Since the enactment of the Tax Cuts and Jobs Act (“Act”) at the end of 2017 and the subsequent release of the first round of proposed regulations in October 2018, many taxpayers and practitioners have been puzzling over various aspects of the Act’s Opportunity Zone tax incentives. Questions have abounded, including those surrounding how to form and structure the investment entity, a Qualified Opportunity Fund (QOF). Those questions then lead to others about owning Qualified Opportunity Zone Business Property (QOZBP) or a Qualified Opportunity Zone Business (QOZB) and selling or otherwise exiting a QOF investment. Many potential investors have delayed investment and are awaiting more detailed guidance before moving forward with QOFs.

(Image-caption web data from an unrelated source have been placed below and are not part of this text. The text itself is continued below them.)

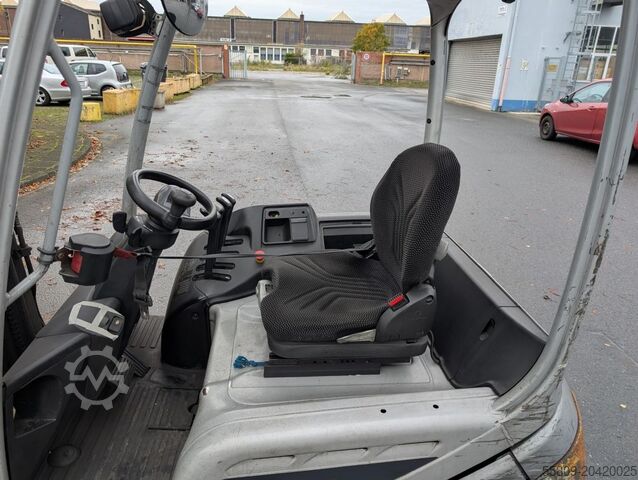 Elektro 3 Rad-Stapler Still RX 20-20 // Elektro // Gabeln 1000 mm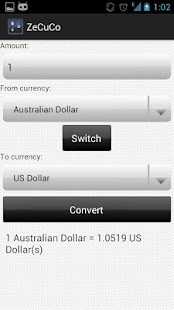 How to install ZeCuCo -Zed Currency Converter lastet apk for android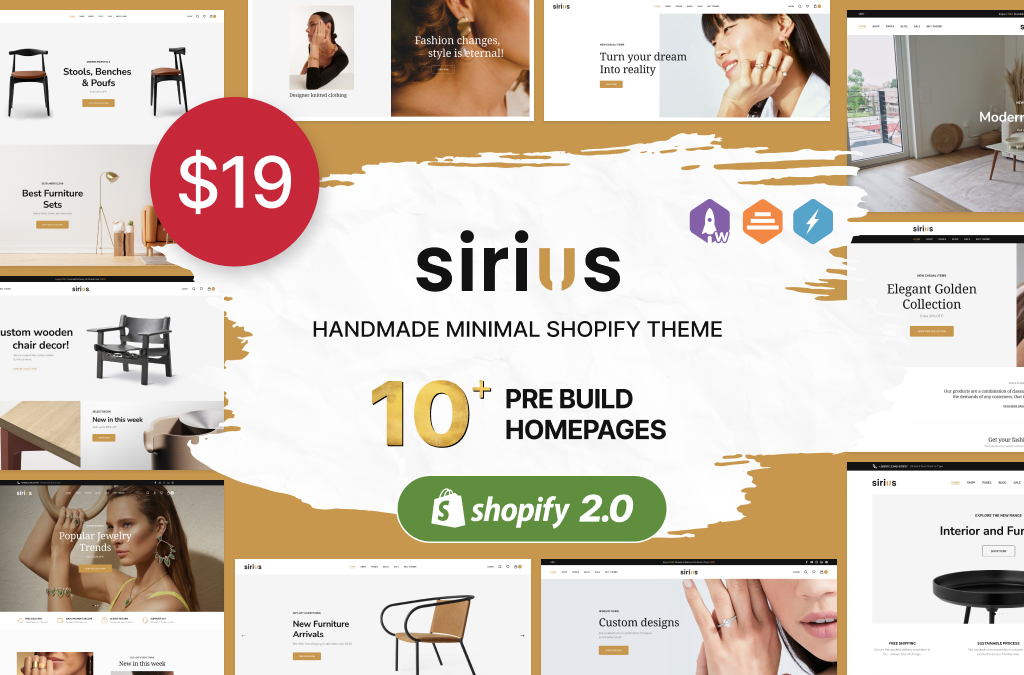 Tema Sirius-Handmade-minimal-Shopify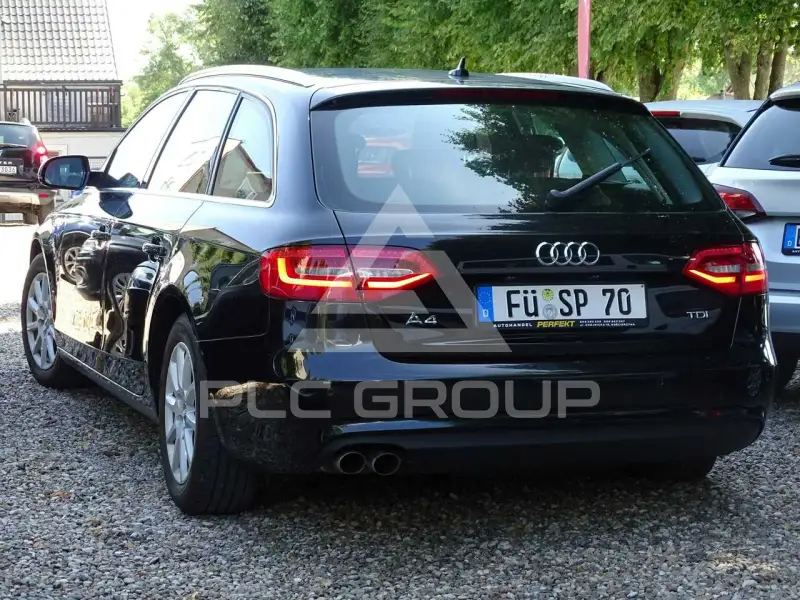 2012 Audi A4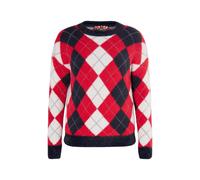 myMo ROCKS Jersey rojo / negro / blanco Mujer myMo ROCKS L rojo / negro / blanco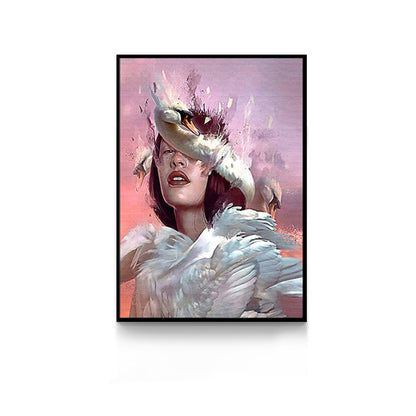 Quadro Nordico Stampa HD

New proposed regulations released by the government on April 17, 2019, and officially published May 1, 2019, answer most, but not all, of the questions. However, for many taxpayers, they provide enough guidance to begin reviewing investments designed to take advantage of the Opportunity Zone tax incentives.
This insight will outline some of the key provisions of the second round of proposed regulations following a quick summary of the Opportunity Zone tax incentives.
Opportunity Zones and Tax Incentives
The Qualified Opportunity Zone tax incentives are designed to encourage taxpayers to invest capital gains in economically distressed communities designated as “opportunity zones.” A map and list of the Qualified Opportunity Zone communities can be found here.
The tax incentives permit taxpayers to defer reporting capital gains generated from sales to unrelated parties as taxable income if the gains are reinvested in a QOF within 180 days after being realized (subject to special rules in the case of capital gains recognized by pass-through entities such as partnerships, S-corporations, trusts and estates). The reinvested gain amount is deferred until the QOF interest is sold, or, if earlier, December 31, 2026. The deferred capital gain amount can be reduced by 10% if the QOF investment is held for five years and by another 5% if held for seven years. In addition, if a taxpayer holds the interest in the QOF for at least 10 years, gains ultimately realized from the sale of the QOF investment can be tax-free.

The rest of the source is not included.